AI gets creative, we do the mindless work.

Does this sound familiar? You've asked ChatGPT or some other LLM-based chatbot to create marketing texts or product descriptions. In no time at all, it has generated hundreds of texts and images based on a few keywords. At first glance, they seem perfectly usable. But how do you get this content into your database, onto your website or onto your social media channels?

Quite often: by hand, namely ours, using copy and paste.

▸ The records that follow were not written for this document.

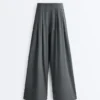 Pantaloni a gamba larga Light Touch con pinces Pantaloni a gamba larga Light Touch con pinces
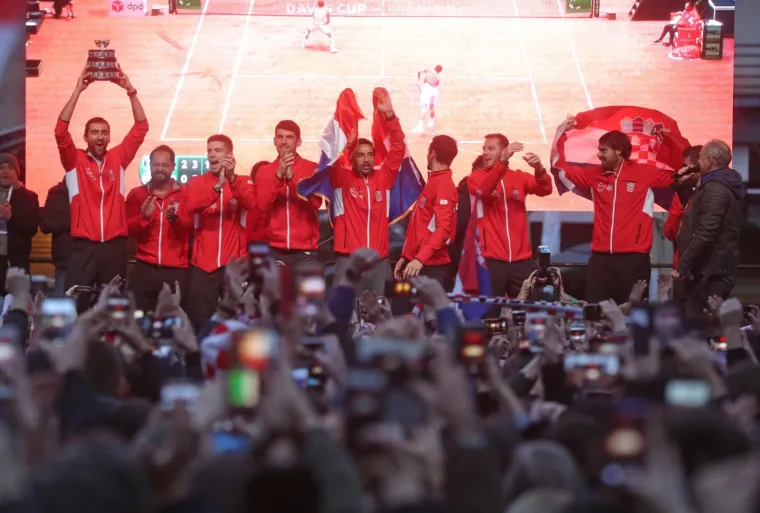 OSVAJAČI DAVIS CUPA PROSLAVILI NASLOV NA TRGU: Pogledajte kako su navijači okupirali centar Zagreba i dočekali heroje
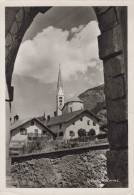 Delcampe - Schweiz Zernez Dorfpartie Kirche Architektur Berglandschaft Gestempelt #SCB765 - Zernez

And so we find ourselves in the curious situation of mechanically, mindlessly transferring texts from one window to another or from one application to another, while AI is creatively realising itself.

Does it have to be like that?

This is not an isolated case. Compiling the content for an RAG setup, making the figures from LLM-based market research comparable with your own BI data – there is a lot of hard work to be done between the generative performance of AI and the usable result, media breaks have to be overcome, etc. And this work is left to us.

It stands to reason that we want to move away from this division of labour, but it is not that simple: on the one hand, ‘repackaging’ information is not exclusively mechanical and mindless. While we copy the text, we skim through it again to see if it fits, notice that an error has crept in here because an instruction to the LLM is still incomplete, and perhaps the goal is unclear there. In short, we use this method to introduce quality control and iterative improvement.

The big challenge: integration

The other obstacle is even more obvious: as a rule, the LLM-based application we use to generate texts cannot access the systems in which we need those texts (the product database, the content management system, etc.). This brings us to the question of how we can enable LLM-based applications to interact productively with our IT landscape, a key issue when it comes to deriving real added value from generative AI. And an exciting topic that raises further questions.

On the one hand, there is the question of reliable technical communication: we have to persuade the LLM to convert its output into the JSON, csv or XML format we need in a syntactically correct manner. This is not without irony. For the first time, we have technical systems with which we can communicate in natural language, and now we are going to great lengths to get them to formulate formal commands to old style IT systems or squeeze data into predefined schemas. But as long as entire information production and communication chains are not taken over by agent systems, we will probably have to put up with this.

A matter of trust

But the much more critical question is: Do we want to allow LLM-based applications to access our systems in writing? Do we trust them that much? What if the LLM accidentally overwrites other information with its generated texts? Or deletes the entire database? What if the LLM also interacts with external users or external information and is tricked into deleting our data through prompt injection? Or tricked into spreading phishing messages en masse?

How can we hand over the tedious work to AI?

We need tools for integration. Tools that understand and take seriously the world of enterprise data and systems, but at the same time make it easy to connect to them.

We need a quality of output from LLMs that makes human-in-the-loop redundant.

And finally, we need a level of trust in the capabilities of AI that we do not yet have at this point.

No one expects AI to manage this on its own. It is accepted that we have to give clear instructions – especially in the field of IT and communication with IT systems. The problem is reliability in dealing with these instructions: the tendency of language models to occasionally simply not follow even very clear instructions without us noticing, the fact that we cannot bindingly specify to the LLM which of conflicting instructions are more important and must be followed in any case – these are the weaknesses of the technology that we must overcome before we can entrust AI agents with the key to our server room.

Conclusion

Currently, working with generative AI often feels wrong – we are constantly busy controlling and channelling its output. We need to find a way to make it binding and reliable. After all, we shouldn't be babysitting the tireless and uncontrolled creativity of LLMs, but rather using them to enhance our own creativity.